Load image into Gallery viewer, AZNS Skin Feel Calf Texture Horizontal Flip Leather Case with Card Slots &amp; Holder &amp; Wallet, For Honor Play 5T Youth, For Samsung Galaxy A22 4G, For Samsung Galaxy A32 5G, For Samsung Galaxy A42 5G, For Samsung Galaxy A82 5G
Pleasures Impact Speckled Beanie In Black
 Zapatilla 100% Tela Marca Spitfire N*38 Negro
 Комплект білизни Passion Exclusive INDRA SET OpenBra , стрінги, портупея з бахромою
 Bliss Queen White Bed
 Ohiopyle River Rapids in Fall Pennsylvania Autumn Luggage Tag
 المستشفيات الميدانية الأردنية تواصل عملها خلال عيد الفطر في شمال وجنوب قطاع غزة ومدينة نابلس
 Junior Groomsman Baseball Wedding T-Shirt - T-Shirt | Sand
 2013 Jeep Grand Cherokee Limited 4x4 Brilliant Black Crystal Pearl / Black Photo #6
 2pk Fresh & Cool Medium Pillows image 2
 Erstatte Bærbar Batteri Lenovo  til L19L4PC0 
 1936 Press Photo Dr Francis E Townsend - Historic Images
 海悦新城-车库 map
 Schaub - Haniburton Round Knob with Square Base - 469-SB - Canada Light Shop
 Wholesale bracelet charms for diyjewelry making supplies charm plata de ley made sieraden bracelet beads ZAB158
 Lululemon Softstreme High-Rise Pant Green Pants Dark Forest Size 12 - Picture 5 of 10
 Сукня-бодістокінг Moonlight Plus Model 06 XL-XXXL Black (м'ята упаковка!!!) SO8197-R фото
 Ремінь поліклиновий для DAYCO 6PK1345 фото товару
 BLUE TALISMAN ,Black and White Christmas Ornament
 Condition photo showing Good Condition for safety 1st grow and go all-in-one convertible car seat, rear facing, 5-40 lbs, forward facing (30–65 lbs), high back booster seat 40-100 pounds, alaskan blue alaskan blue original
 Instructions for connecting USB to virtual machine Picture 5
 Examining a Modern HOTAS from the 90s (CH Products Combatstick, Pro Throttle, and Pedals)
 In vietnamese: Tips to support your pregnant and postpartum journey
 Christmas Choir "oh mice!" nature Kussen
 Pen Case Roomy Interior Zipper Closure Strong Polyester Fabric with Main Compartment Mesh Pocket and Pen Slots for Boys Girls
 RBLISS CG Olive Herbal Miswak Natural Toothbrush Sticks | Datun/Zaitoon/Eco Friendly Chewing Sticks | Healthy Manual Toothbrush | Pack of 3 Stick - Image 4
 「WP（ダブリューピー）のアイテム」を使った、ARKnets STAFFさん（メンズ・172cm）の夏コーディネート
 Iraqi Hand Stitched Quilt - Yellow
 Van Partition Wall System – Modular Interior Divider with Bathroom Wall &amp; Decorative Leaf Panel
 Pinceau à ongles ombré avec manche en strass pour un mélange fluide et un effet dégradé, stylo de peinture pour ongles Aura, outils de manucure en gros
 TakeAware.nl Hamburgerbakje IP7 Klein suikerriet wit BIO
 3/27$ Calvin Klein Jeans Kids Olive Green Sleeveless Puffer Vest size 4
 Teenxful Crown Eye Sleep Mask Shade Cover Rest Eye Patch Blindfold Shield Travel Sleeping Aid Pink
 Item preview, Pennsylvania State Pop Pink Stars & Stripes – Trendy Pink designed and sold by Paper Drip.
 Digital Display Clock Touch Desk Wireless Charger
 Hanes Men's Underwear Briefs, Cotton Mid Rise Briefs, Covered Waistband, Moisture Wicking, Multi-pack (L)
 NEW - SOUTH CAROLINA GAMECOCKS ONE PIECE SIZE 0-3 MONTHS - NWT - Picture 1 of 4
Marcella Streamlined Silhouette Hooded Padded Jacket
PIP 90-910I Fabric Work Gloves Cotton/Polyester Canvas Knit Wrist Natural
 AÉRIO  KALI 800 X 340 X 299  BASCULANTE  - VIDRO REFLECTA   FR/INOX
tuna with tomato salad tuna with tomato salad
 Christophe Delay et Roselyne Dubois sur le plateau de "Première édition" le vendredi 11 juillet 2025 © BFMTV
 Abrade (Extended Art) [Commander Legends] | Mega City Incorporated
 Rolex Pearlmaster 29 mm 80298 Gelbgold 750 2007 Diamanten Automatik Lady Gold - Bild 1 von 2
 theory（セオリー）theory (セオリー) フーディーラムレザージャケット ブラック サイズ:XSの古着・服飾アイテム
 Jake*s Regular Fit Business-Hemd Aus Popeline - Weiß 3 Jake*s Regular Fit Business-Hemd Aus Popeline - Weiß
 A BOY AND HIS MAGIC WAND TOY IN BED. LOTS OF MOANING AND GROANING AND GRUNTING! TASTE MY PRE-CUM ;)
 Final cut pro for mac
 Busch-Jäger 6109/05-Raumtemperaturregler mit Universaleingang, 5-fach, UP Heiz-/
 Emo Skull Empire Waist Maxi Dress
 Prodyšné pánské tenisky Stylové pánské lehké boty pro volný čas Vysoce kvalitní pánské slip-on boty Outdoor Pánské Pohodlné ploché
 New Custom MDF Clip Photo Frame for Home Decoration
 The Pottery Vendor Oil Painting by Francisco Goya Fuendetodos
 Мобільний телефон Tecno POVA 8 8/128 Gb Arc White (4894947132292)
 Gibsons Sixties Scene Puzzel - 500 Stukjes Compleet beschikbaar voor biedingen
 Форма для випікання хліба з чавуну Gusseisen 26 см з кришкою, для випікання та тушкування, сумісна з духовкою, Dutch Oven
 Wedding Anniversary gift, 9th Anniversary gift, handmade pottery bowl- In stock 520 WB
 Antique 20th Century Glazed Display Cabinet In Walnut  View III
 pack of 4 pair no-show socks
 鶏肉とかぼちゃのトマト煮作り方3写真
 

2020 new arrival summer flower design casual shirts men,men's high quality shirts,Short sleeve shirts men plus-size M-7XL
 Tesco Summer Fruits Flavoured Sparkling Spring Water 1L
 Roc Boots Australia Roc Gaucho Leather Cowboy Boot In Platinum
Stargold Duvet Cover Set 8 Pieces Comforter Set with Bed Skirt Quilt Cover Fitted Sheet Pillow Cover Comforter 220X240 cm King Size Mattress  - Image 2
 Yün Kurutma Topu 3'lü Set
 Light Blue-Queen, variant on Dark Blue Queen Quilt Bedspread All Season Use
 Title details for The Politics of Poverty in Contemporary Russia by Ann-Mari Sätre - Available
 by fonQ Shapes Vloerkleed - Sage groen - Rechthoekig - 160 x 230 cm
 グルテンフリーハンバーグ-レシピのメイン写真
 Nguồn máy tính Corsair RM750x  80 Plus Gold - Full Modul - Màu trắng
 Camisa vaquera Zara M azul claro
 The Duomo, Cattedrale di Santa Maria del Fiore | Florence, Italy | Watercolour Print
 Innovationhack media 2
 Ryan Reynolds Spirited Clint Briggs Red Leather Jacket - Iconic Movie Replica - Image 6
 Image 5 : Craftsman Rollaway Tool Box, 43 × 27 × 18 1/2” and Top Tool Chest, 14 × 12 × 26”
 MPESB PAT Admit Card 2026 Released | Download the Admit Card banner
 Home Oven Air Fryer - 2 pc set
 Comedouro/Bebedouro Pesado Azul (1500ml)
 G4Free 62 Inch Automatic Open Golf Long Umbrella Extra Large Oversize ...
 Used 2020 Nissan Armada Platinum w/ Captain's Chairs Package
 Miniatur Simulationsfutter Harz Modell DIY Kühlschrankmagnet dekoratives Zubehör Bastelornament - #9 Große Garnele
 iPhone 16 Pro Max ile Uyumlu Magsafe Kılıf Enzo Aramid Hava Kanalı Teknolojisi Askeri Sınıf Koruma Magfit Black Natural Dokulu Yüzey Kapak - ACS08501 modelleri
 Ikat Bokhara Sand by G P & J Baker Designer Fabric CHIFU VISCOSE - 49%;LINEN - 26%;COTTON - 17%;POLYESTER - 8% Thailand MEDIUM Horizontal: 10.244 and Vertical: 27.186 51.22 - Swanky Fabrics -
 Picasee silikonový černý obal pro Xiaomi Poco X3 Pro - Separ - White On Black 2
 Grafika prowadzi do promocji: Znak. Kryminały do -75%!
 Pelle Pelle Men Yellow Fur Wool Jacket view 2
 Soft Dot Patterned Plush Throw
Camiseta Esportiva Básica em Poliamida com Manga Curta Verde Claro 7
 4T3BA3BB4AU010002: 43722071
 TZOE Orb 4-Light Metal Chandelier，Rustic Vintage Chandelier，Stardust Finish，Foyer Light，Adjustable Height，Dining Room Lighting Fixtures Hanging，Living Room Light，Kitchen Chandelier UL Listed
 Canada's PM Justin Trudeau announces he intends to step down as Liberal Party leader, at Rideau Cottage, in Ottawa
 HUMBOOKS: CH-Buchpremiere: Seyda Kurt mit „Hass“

▸ Activity:
Taking the line with "Item preview, Pennsylvania" as the first and the line with "Abrade (Extended Art)" as the last, retype that stretch of the data above exactly, with no other lines.

▸ Task answer:
 Item preview, Pennsylvania State Pop Pink Stars & Stripes – Trendy Pink designed and sold by Paper Drip.
 Digital Display Clock Touch Desk Wireless Charger
 Hanes Men's Underwear Briefs, Cotton Mid Rise Briefs, Covered Waistband, Moisture Wicking, Multi-pack (L)
 NEW - SOUTH CAROLINA GAMECOCKS ONE PIECE SIZE 0-3 MONTHS - NWT - Picture 1 of 4
Marcella Streamlined Silhouette Hooded Padded Jacket
PIP 90-910I Fabric Work Gloves Cotton/Polyester Canvas Knit Wrist Natural
 AÉRIO  KALI 800 X 340 X 299  BASCULANTE  - VIDRO REFLECTA   FR/INOX
tuna with tomato salad tuna with tomato salad
 Christophe Delay et Roselyne Dubois sur le plateau de "Première édition" le vendredi 11 juillet 2025 © BFMTV
 Abrade (Extended Art) [Commander Legends] | Mega City Incorporated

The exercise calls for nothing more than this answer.